Earlier in the episode, when Don and Faye meet, we see Megan through the glass of the board room – a perfect triangle. When Faye shows up to tell Don of her company’s decision, there’s this icy vibe coming from Faye, as if she knows what has happened (and how could she not, unless her olfactory senses weren’t functioning the night Don found her on his doorstep after his tryst with Megan?). The final touch is when they finalize dinner plans and Faye tells Don to “have your girl make the reservations.” Don seems clueless, but we know that she knows.
The one person whom Don seeks out for feedback is Peggy, of course. We hope he’s learned his lesson and gives her credit for sparking the idea…. Yeah, right. When he asks what she thinks, she withholds her praise by throwing another of his philosophies back in his face – “I thought you didn’t go in for those shenanigans?”

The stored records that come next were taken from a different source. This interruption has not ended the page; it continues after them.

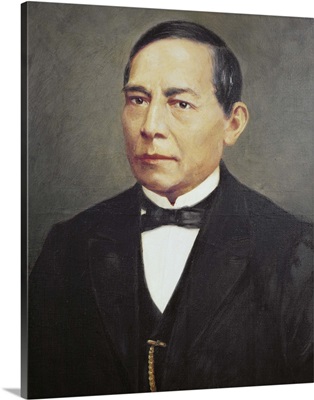 Portrait of Benito Juarez (1806-72), 1948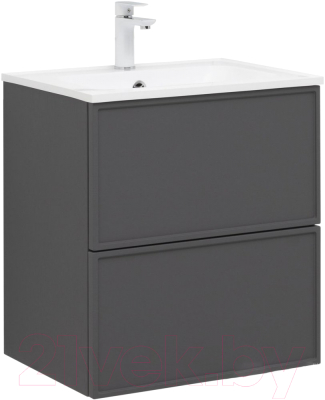 Тумба под умывальник Aquanet Арт 60 / 329063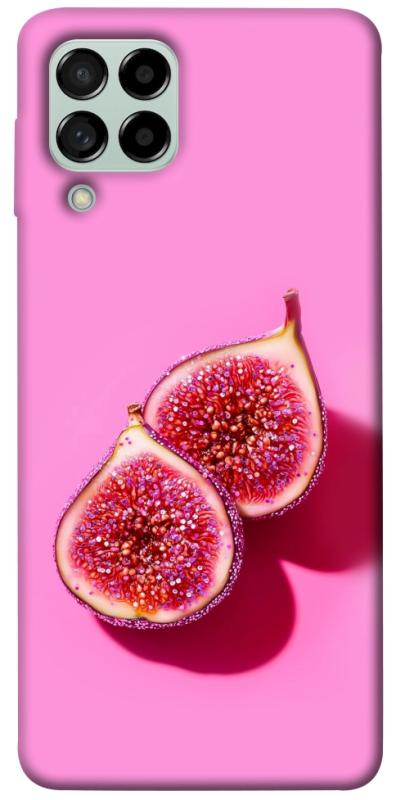 Чехол itsPrint Glowing fig для Samsung Galaxy M53 5G, еда, купить оптом с доставкой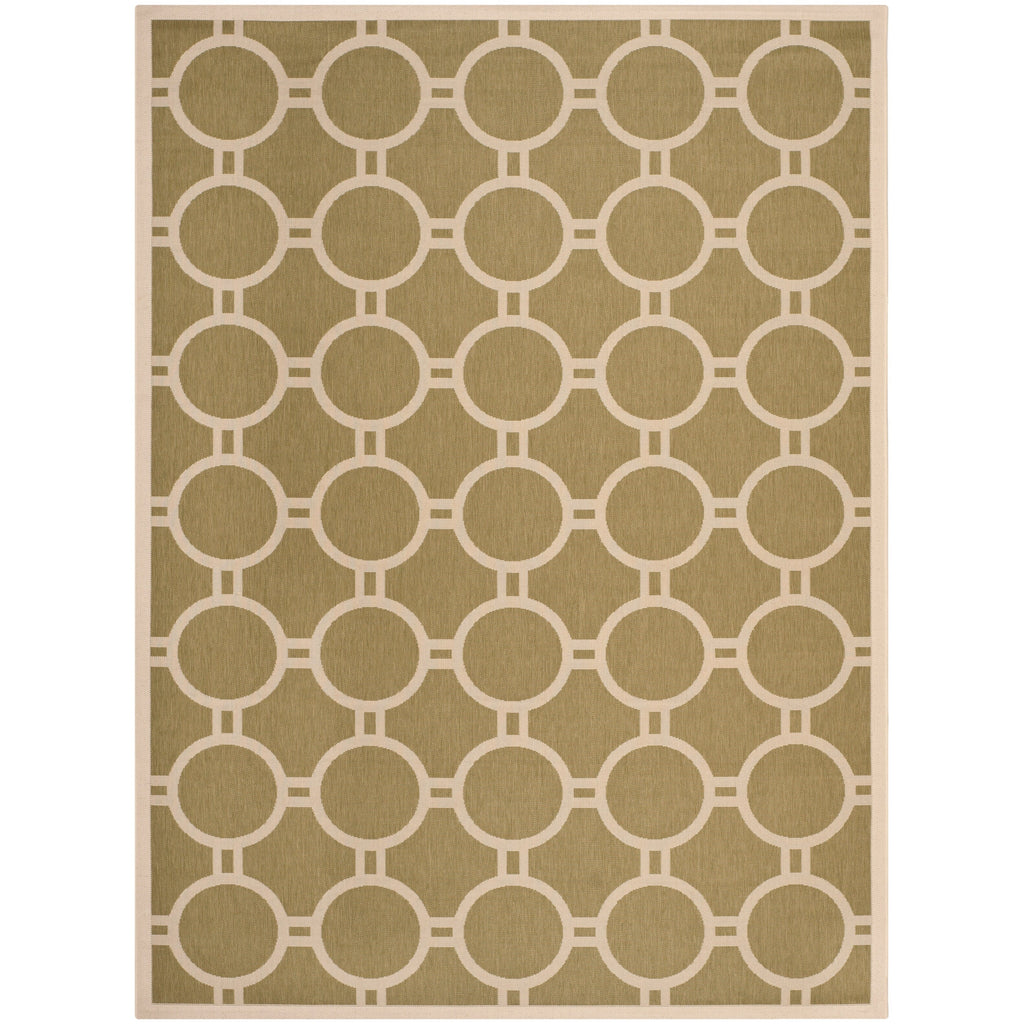 SAFAVIEH Courtyard Nira Indoor/ Outdoor Waterproof Patio Backyard Rug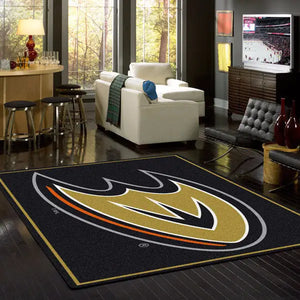 Anaheim Ducks NHL Team Spirit Rug  NHL Area Rug - Fan Rugs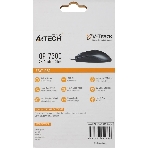 Мышь проводная A4Tech OP-730D черный, 1200 dpi, USB, кнопки - 4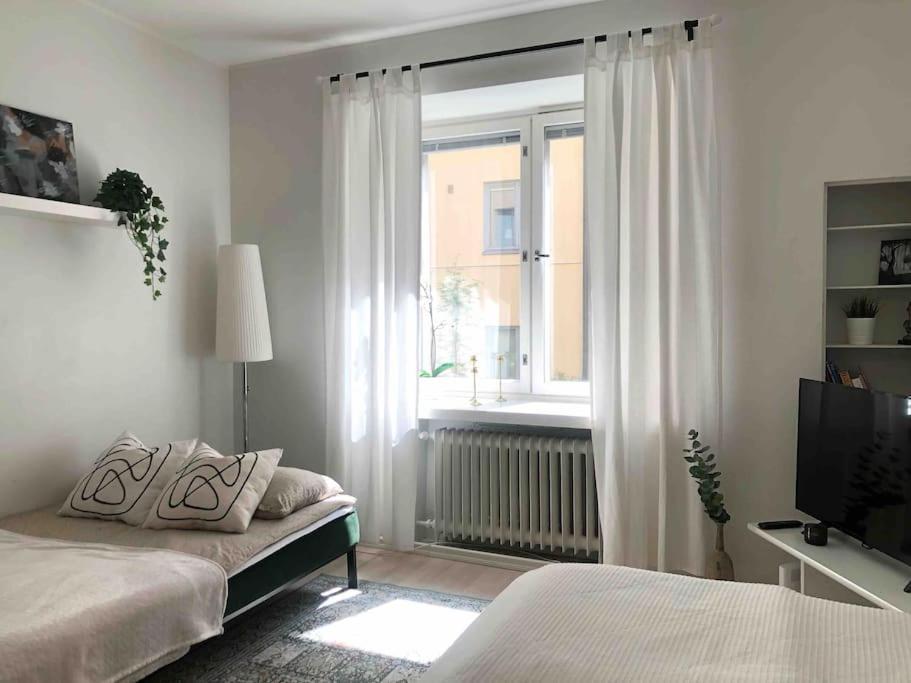 Modern And Bright Studio With Top Location Helsinki Ngoại thất bức ảnh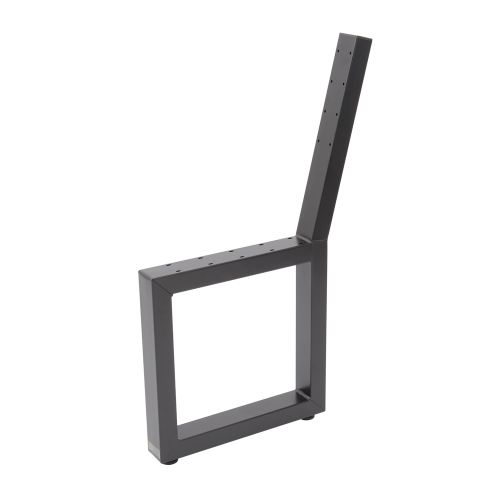 Artikelbild des Artikels “Bankgestell mit Lehne Schwarz matt RAL 9005 | Einzeln“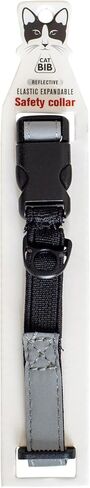 Cat Elastic Reflective Safety Collar (Silver) in Saudi Arabia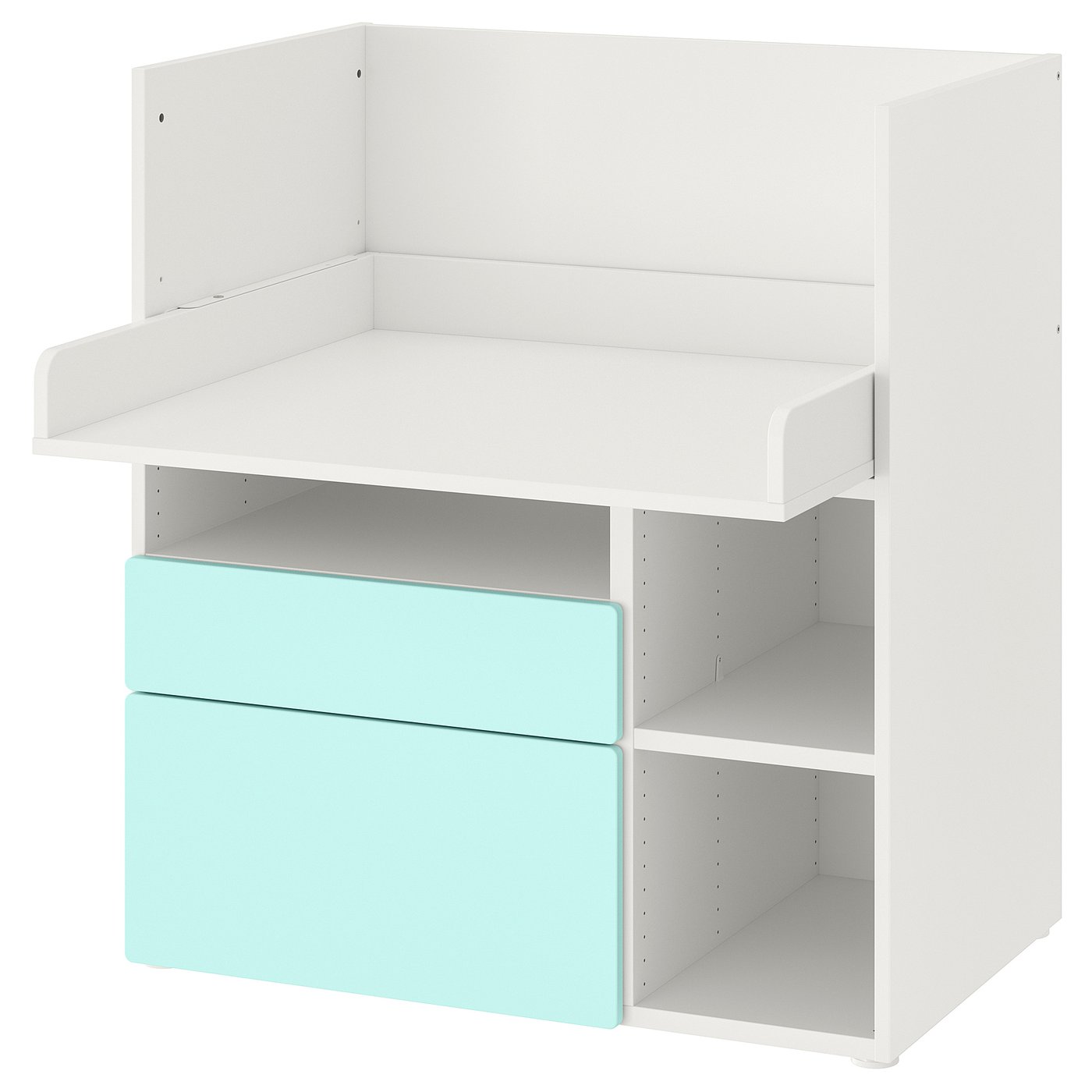 ikea changing table desk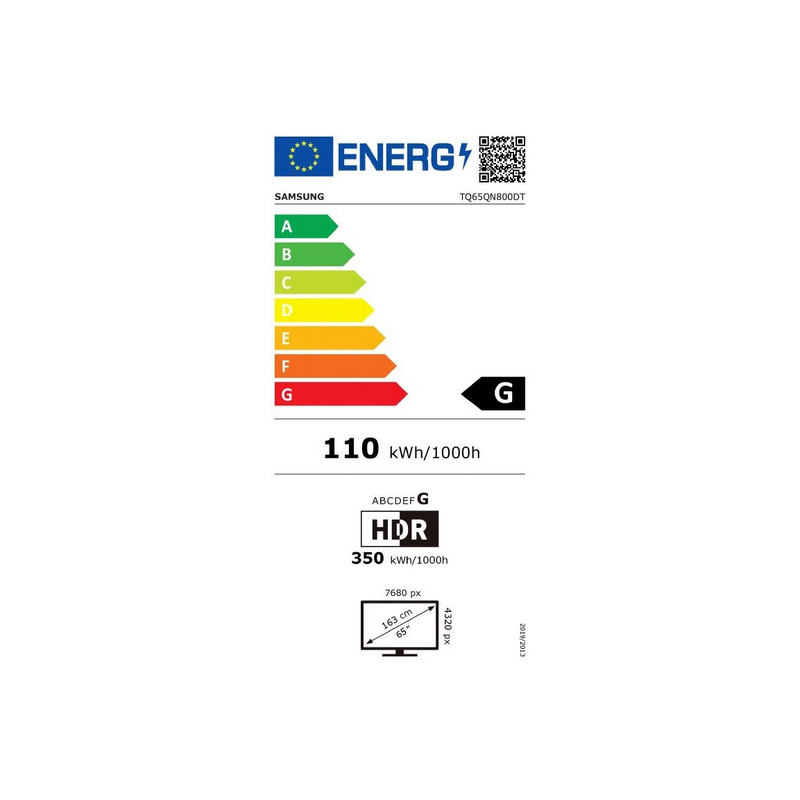 Télévision SAMSUNG TQ65QN800D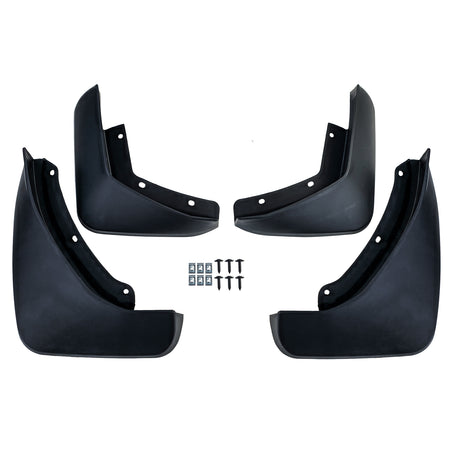 Paraspruzzi Anteriori e Posteriori per Volvo XC90 II 2015-2023, Set Completo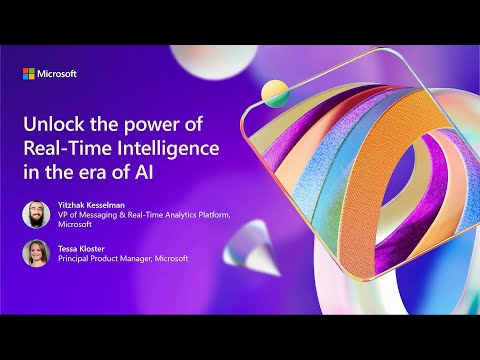 Unlock the power of Real-Time Intelligence in the era of AI | BRK199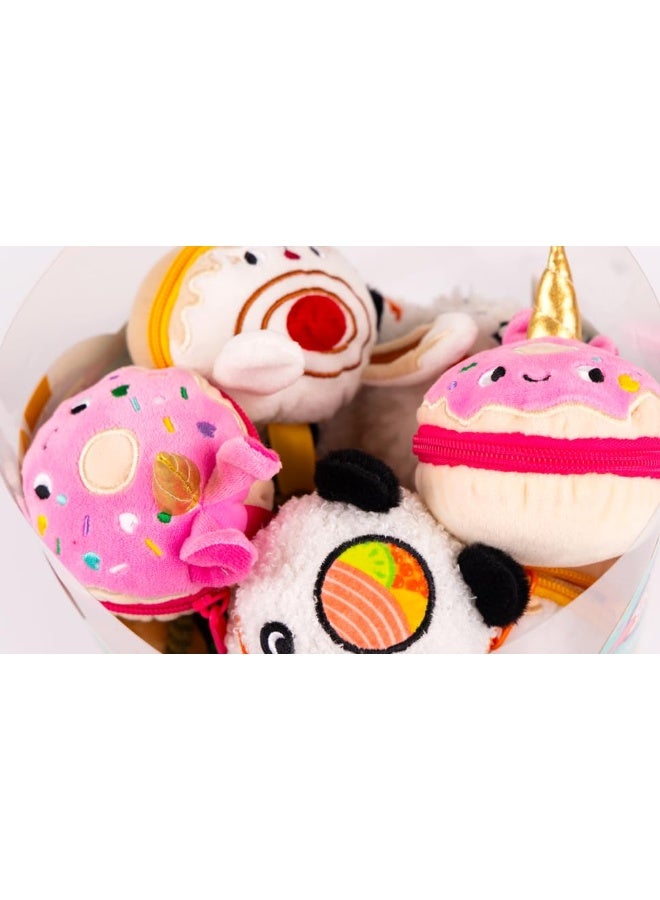 Snackettes Sprinklecorn  Keyring Plushie - Image 3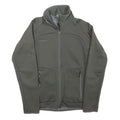 MAMMUT Womens Grey Jacket XS Polyester Blend Zip Outdoor Casual Light Layer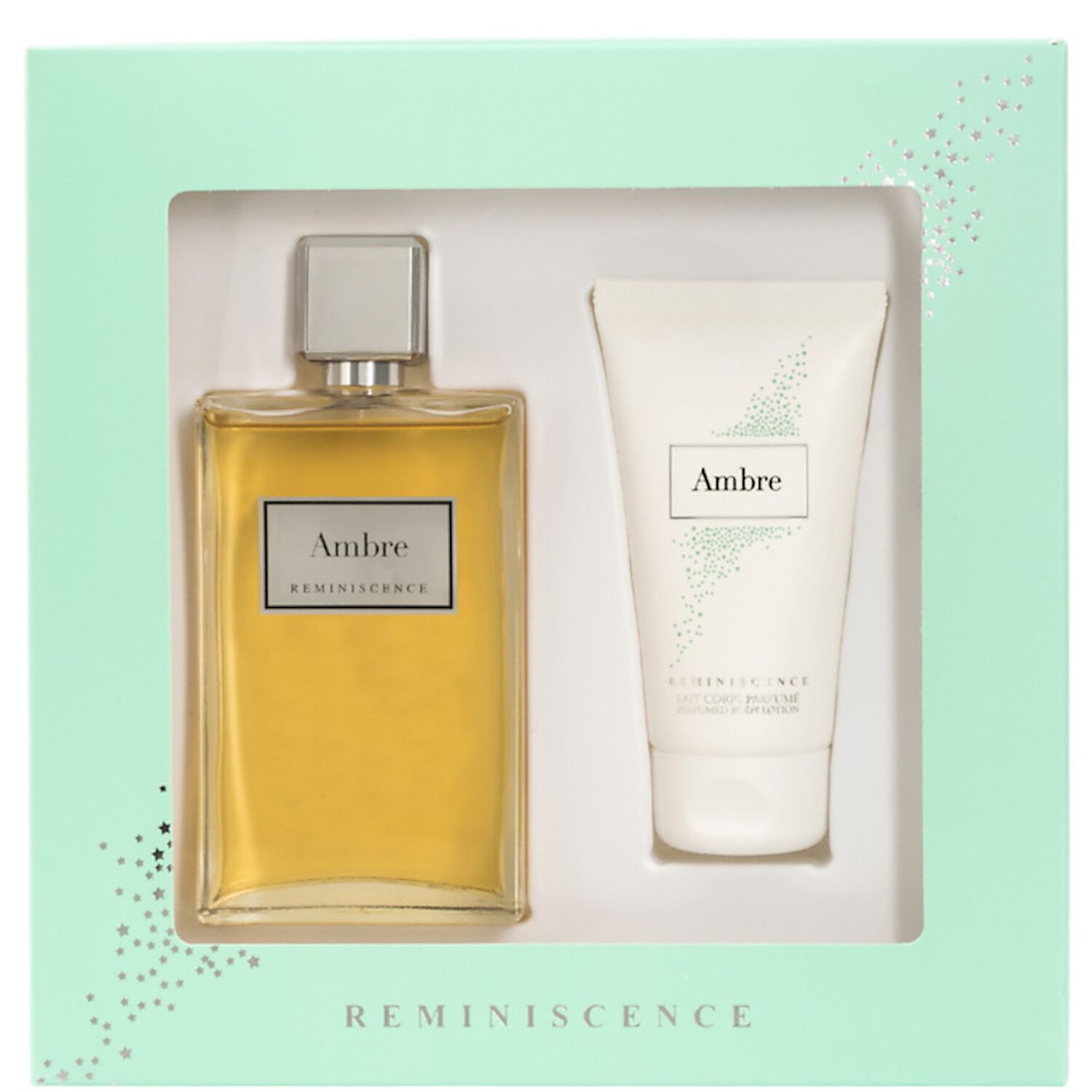 Reminiscence Ambre Coffret Eau de Toilette 100 ml + Lait Corps 75 ml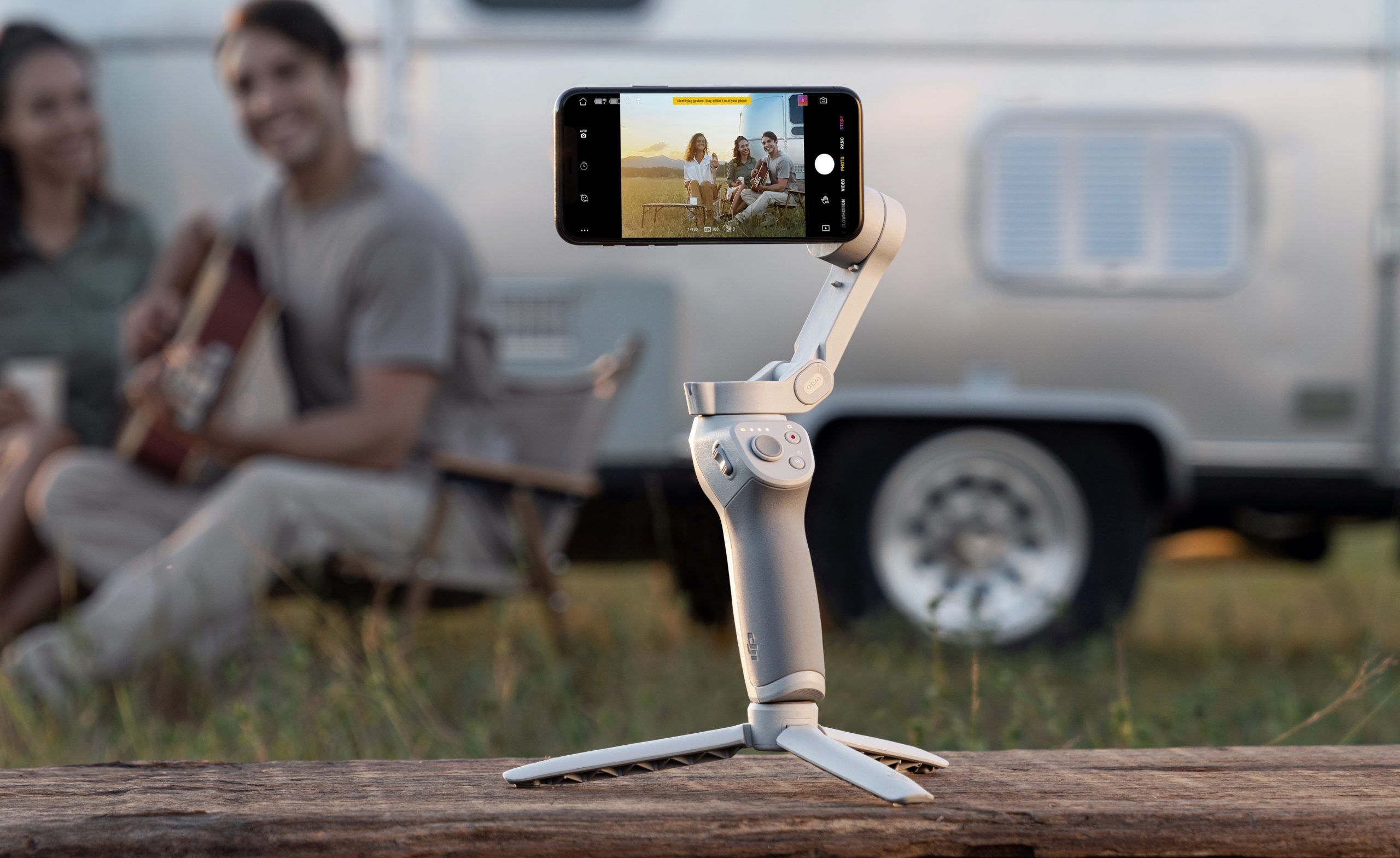 Meet DJI Pocket 2: Sunset White 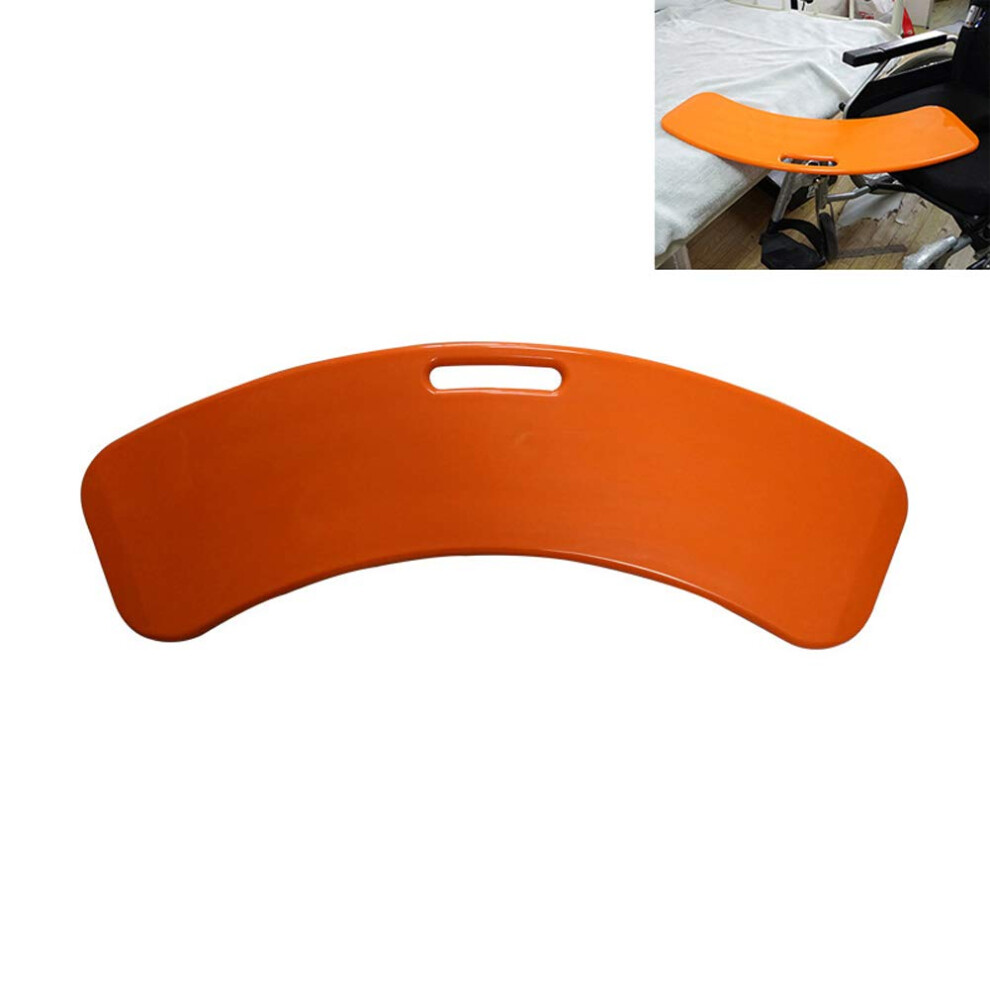 Curved Transfer Board For Bed, Wheelchair, Chair Or Commode - Transfer Aid For Bedside Use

As a way out of the SCDP mess is just beginning to come hazily into view, Betty sees a way out of her Dr. Edna problem. She catches Sally with Glen and completely overreacts, accusing Sally in thought, if not actual words, of doing inappropriate things with Glen. And with Glen’s track record, you almost sympathize with her, except that she overplays her hand.
When Henry shows up unexpectedly early for dinner, Betty plays her card, telling Henry – in Sally’s presence – that it was a bad day, that the neighborhood is going downhill, and that they should move. This news brightens Henry, but sends Sally running off to her room, where she clutches the keepsake left by Glen on the night of his vandalism.
Betty’s victory is that she has proof that Sally isn’t “cured,” that she still needs her twice a week visit, and thus Betty’s, to the doctor to get fixed. Sally knows her Mom is blowing smoke, but will Dr. Edna?
Finally, we have the partners, reassembled with Joan for a regular board meeting. They’ve agreed who will be fired, and the list has been divided among them for notifications and severance.
In the midst of this glum news comes word of a call from the aforementioned American Cancer Society, who wants to talk about a possible campaign. Pete is unimpressed, as it means free work. But the others see it as prestige and access to the Society’s influential board. It’s a ray of hope. A toe-hold. Something.
As the meeting breaks-up, Pete calls Lane to him. As Roger leaves, he gets the last laugh – “Well, I’ve got to go and learn a bunch of peoples’ names before I fire them.” When he’s gone, Pete confesses to Lane that he cannot come up with the $50K. Lane is confused. “Don paid your share,” he tells Pete.
Stunned, Pete steps into the hallway, to see Don leading Danny Siegel into his office. They share a glance. Don nods. Pete raises his glass in solidarity, then moves on.
A moment later, Don emerges with a composed and professional Danny. They shake and Danny leaves. Don pauses before calling the next victim. He looks around at the carnage. Women sobbing and consoling one another. Men sagging under the weight of their boxed possessions and stalled-out hopes. It’s a very bad day at SCDP.
But they’re alive – still drawing breath, still blowing smoke.